Having recently returned from our fifth annual National Strip-Tillage Conference in Iowa City, Iowa, I’m taking a deeper dive into the pages of notes I took during speaker sessions, roundtable discussions and hallway conversations.
One of the aspects of the event which impresses me every year is the willingness of attendees to be open resources for one another, regardless of experience, age or equipment preference.
As attendees began filtering in for the start of the event, a newcomer to the practice overheard a conversation between a couple of experienced strip-tillers who were chatting about nitrogen (N) application experiments.
He asked to join them, and candidly admitted, ‘You two know a lot more than me and I’d love to pick your brains.’ More than an hour later, the three farmers were still engaged in discussion, with several pages of visible notes in front of the new strip-tiller.
These scenarios can be the difference between a one-and-done attempt at strip-till to a long-term loyalist to the practice.
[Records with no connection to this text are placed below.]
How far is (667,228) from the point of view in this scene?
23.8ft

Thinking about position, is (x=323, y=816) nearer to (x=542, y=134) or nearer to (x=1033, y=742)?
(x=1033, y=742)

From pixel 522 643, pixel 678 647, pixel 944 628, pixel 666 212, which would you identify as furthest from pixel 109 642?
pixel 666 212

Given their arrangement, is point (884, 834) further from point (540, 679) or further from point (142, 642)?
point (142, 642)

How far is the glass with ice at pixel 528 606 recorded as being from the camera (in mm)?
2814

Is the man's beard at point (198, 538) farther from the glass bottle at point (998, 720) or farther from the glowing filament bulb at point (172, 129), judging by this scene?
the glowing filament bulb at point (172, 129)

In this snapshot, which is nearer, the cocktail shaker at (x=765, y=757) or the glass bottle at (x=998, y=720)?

Time and again at the conference, I heard experienced attendees preach patience as the pathway to building confidence in strip-till.
Sitting in on a roundtable where attendees shared lessons learned during their first year of strip-tilling, I came away with several observations, one being that there were at least 3 sets of fathers and sons sitting in on the conversation.
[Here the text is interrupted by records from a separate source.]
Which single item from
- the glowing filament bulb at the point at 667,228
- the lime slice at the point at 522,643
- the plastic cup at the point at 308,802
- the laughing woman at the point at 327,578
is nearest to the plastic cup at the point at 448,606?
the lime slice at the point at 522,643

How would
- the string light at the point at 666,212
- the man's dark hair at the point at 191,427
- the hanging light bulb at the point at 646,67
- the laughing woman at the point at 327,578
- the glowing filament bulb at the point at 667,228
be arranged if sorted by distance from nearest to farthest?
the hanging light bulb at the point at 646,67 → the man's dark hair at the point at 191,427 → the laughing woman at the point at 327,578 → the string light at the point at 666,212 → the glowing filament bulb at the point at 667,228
It was evident that the younger generation had convinced their elders to listen and learn from peers on how to make strip-till successful, along with cautionary tales on what mistakes to avoid.
Many of the practical points about row unit setups and fertilizer placement made during the discussion were capped with comments like “you need to be open-minded enough not to be your neighbor,” or “don’t be afraid to be the first person in your area to start strip-tilling.”
The advice was far more than lip service, coming from first and second year strip-tillers who had already navigated those awkward conversations with other local farmers, loyal to conventional tillage practices.
Said one strip-tiller who acknowledged the initially isolating feeling of being the first strip-tiller in his area, “Before I tried strip-till, someone told me, ‘Talk to a neighbor to get some advice.’ I don’t have any neighbors doing it. This is why I came to this conference because you are my neighbors.”